A growing concern inside a well-known cosmetics company
Is there something GROWING in our finished product? What did they do when cloudy samples were found at multiple warehouses?
A global specialty brand cosmetics manufacturer had a product on the market…that had a major issue. Spot checks from each warehouse revealed a strange substance floating at the bottom of a few of the plastic bottles. How could the mysterious substance, from so large a batch, appear so randomly?
Quantum Analytics Group was referred to the company in an effort to positively identify the elusive residue and support the internal R&D group with any formulation issues.

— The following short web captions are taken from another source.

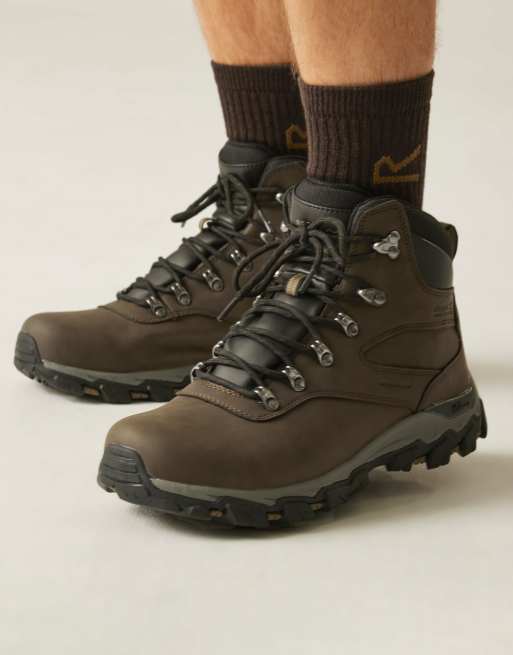 Regatta Holcombe classic walking boots in brown, 3 of 4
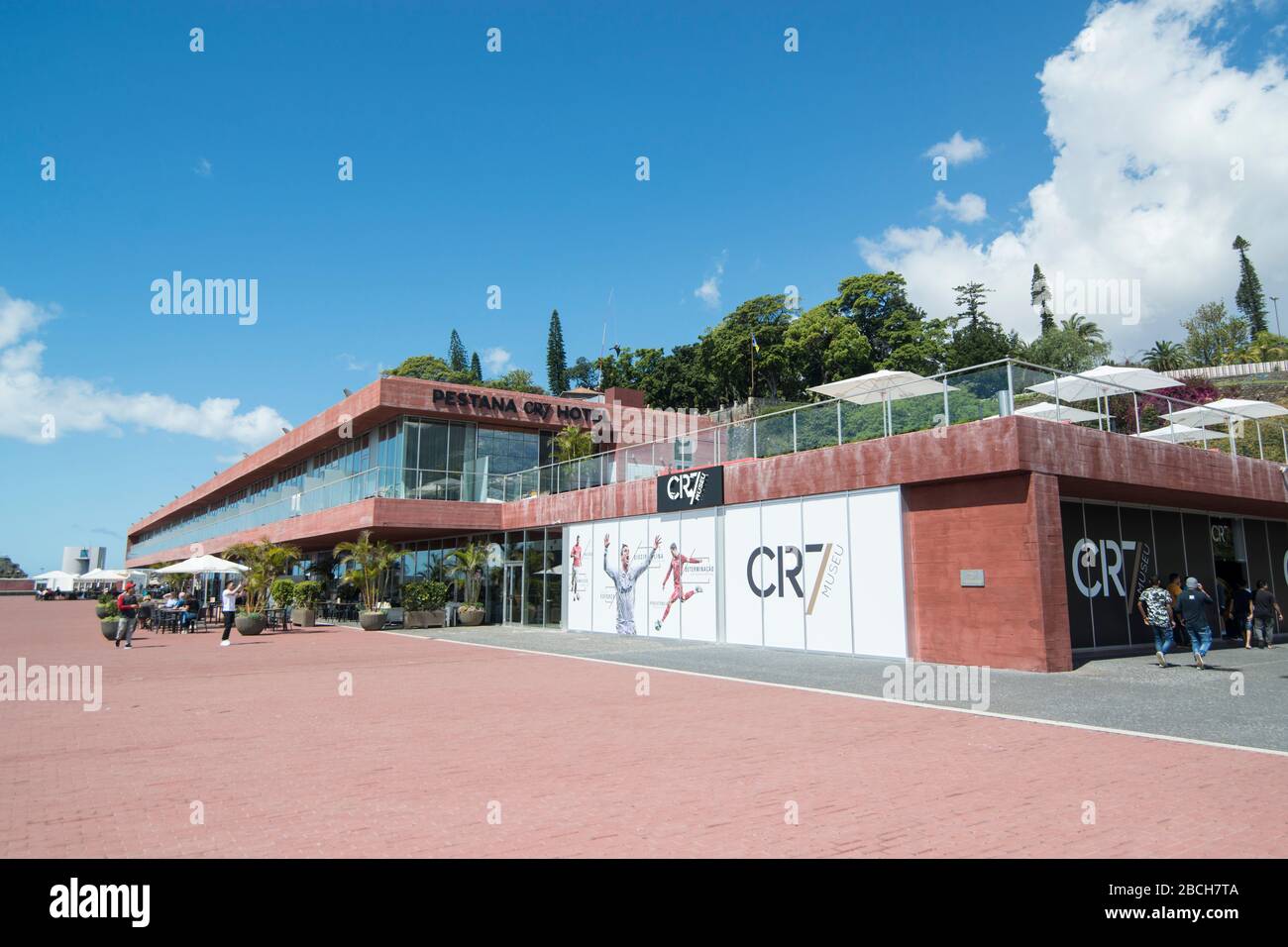 Das Pestana Hotel CR7 und das CR7 Museum des Fußballspielers Cristiano Ronaldo von Portugal in der Stadt Funchal auf der Insel Madeira von Portugal. Portu Stockfoto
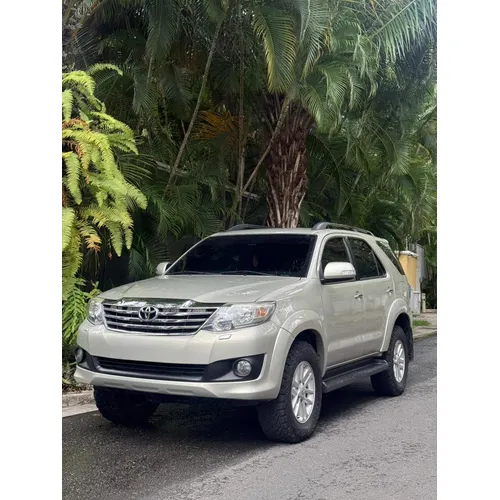Toyota Fortuner SR5 2013 Beige Caracas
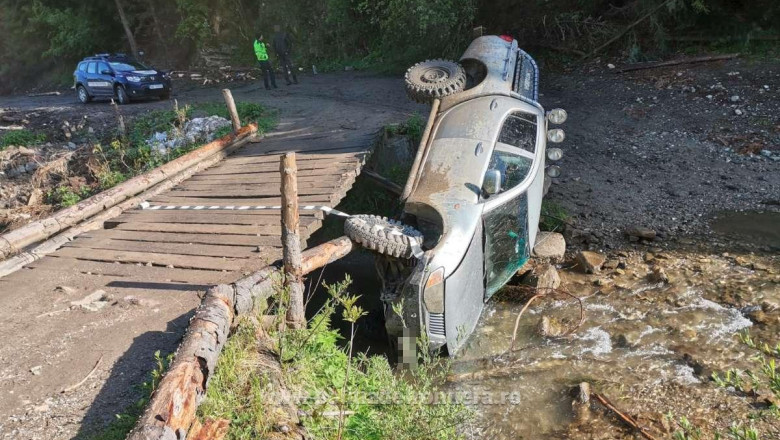 Mașină răsturnată în pârâu.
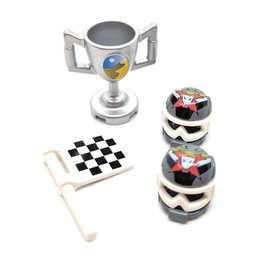 LEGO World Racers 8864 Lot - Rex-treme (wr001) & Max-treme (wr011) Flag, Trophy 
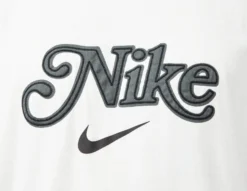 Nike Varsity T-Shirt -Pied Chic Soldes Magasin sz 679114 f scaled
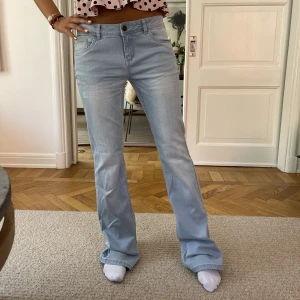 Låg midjade Jens - Säljer dessa super snygga låg midjade jeans💖🥰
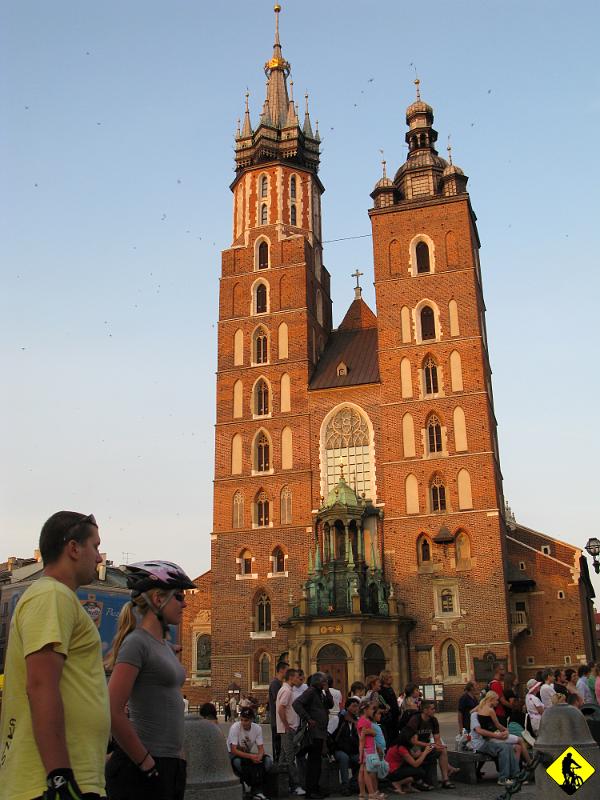 IMG_3070.jpg - Rozstajemy się na Rynku, gdzie jak zawsze coś się dzieje. Tym razem breakdance'owcy jeździli na głowie w  kasku po płycie rynku! KonieC.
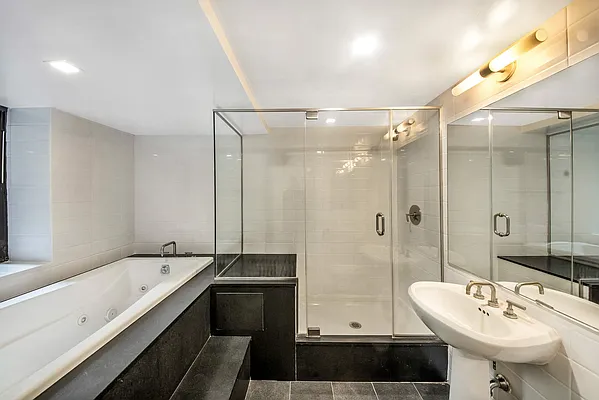 Rented by Compass | media 28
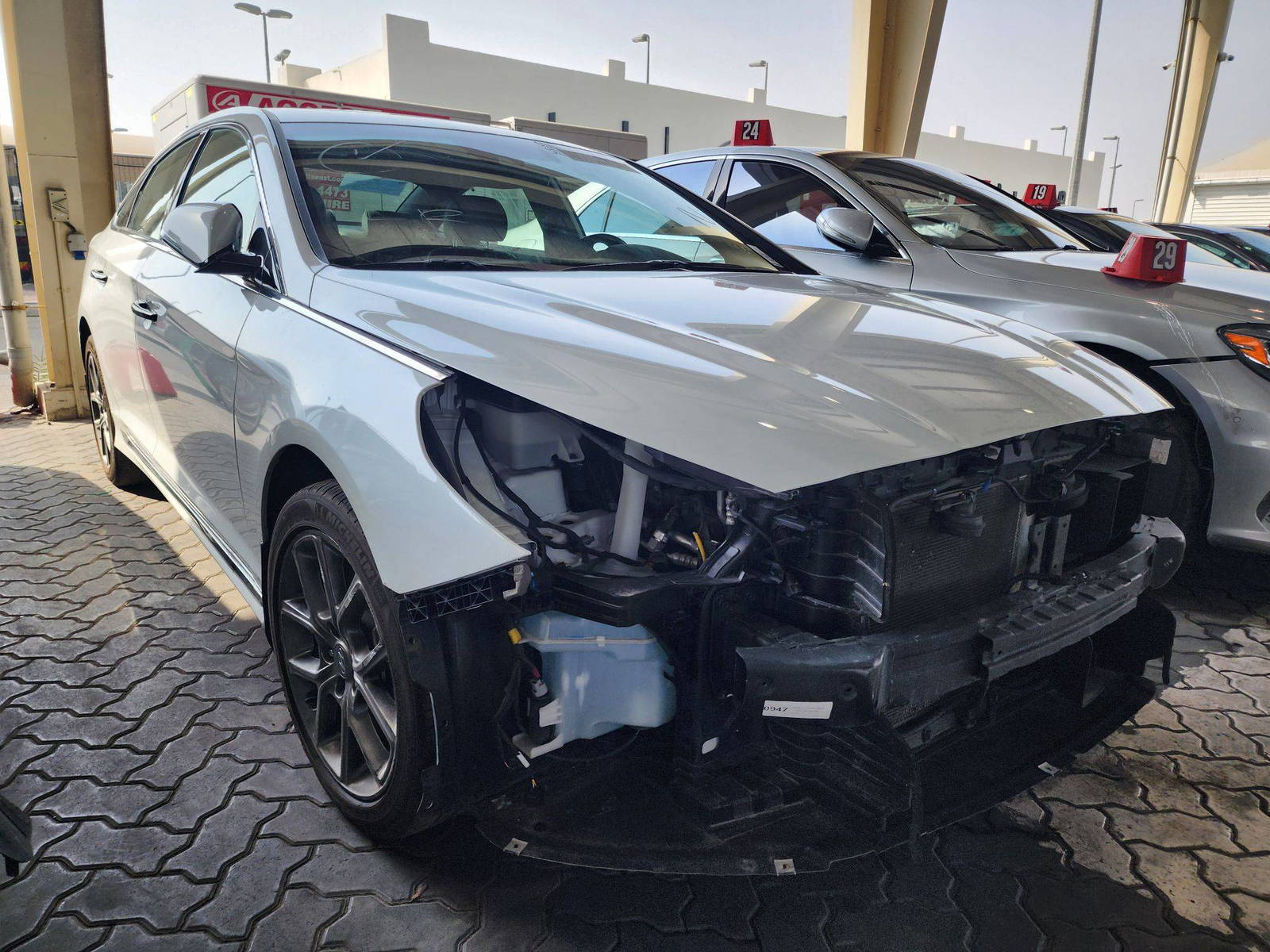 2018 HYUNDAI SONATA — 40745 Miles — Lot 68699 — Souq - Marhaba Auctions Used Cars - Image 4
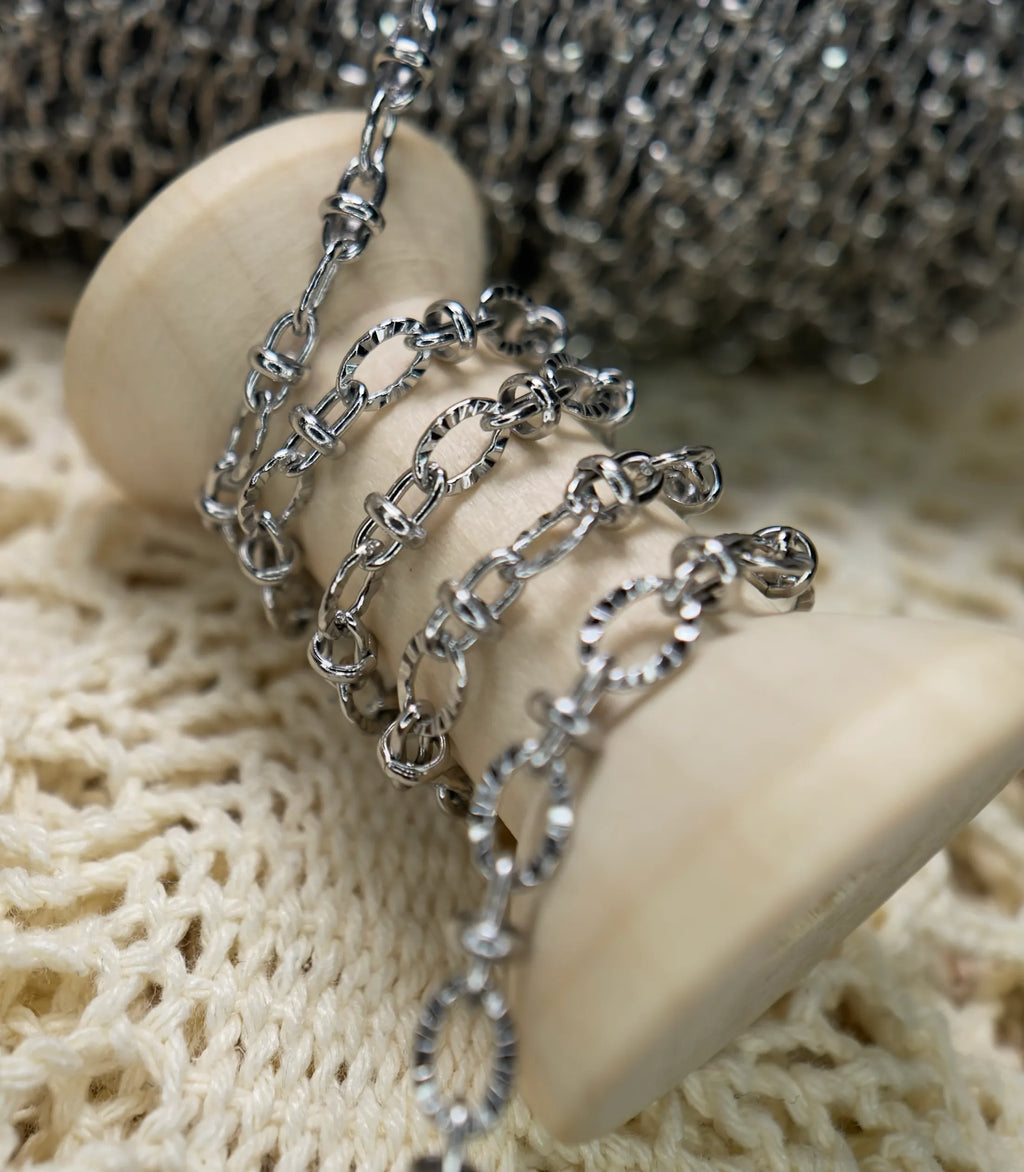 Sunflower Lane – Textured Oval Link Chain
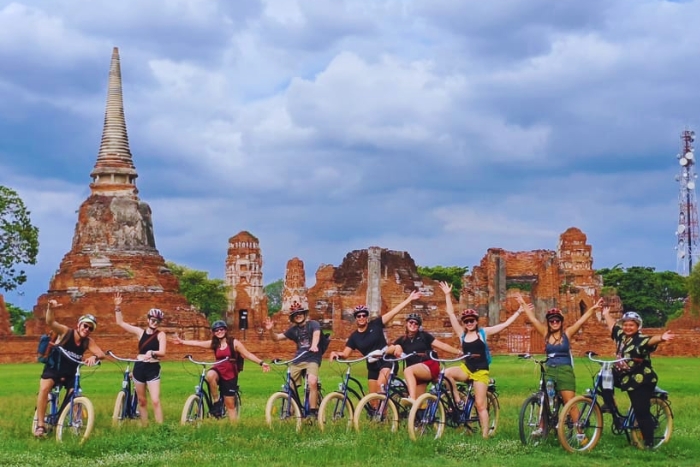 Faire du Vélo autour des Ruines à Ayutthaya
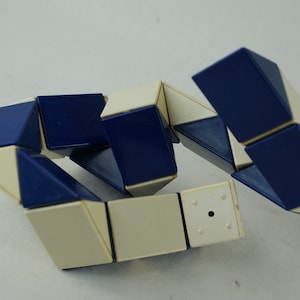 Snake magic blue Rubik&#39;s Cube Puzzle game brain teaser 80&#39;s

The fact that the R&D group was baffled…was not uncommon. Most cosmetic R&D teams are limited to formulation and production issues. Problems within the ingredients themselves are rare and the internal labs aren’t positioned to perform significant analytical testing.
The company had already spent weeks in an exhaustive review of their production processes - with no answers. Shipments were being held back. Their efforts were at a standstill. A fast resolution was now the order of the day.
The product in question was one of a group of products formulated from “all natural ingredients” and the assumption was “How could such simple natural extracts, oils, fragrance and purified water spoil? Could it be microbial?” Adding to the mystery, the flocculent only seemed to occur at certain times of the year.
“We needed to start eliminating possibilities…and get closer to a solution before we started actual testing. Our initial thought was that if the problem isn’t microbial, then it must be from something in the process”.
Samples of the product were first tested via FTIR. Quantum confirmed that the mysterious flocculent was not caused by a bacterial contaminant at all – in fact, the mystery substance was caused by something nobody expected. We used a Perkin Elmer Frontier coupled with the Spotlight 200 Microscope – and Spectrum Search Plus software and Infrared Spectrum Library.
“During the actual testing…we found the foreign material to be made up of a plant protein. And we validated those results with additional samples from the same batch using HPLC to see how it would chromatograph.” We used an Agilent 1200 Series HPLC equipped with a Diode Array Detector (DAD) to analyze for specific plant proteins by RP-HPLC and SEC-HPLC.
In concert with the two analytical techniques, we subjected several test samples to temperatures above and below the typical storage temperatures used by the warehouse facility. Over a 3-day period, the samples held at 40 degrees (Fahrenheit) exhibited the formation of the flocculent.
Under the right conditions (lower temperature) small, brown masses would start to form at the base of each vessel. A detailed report was produced that the company used to enforce more accurate temperatures within all the warehouse facilities.
This was a timely and economical solution for a company that could easily have spent months attempting to resolve a problem that was solved in just over 2 weeks.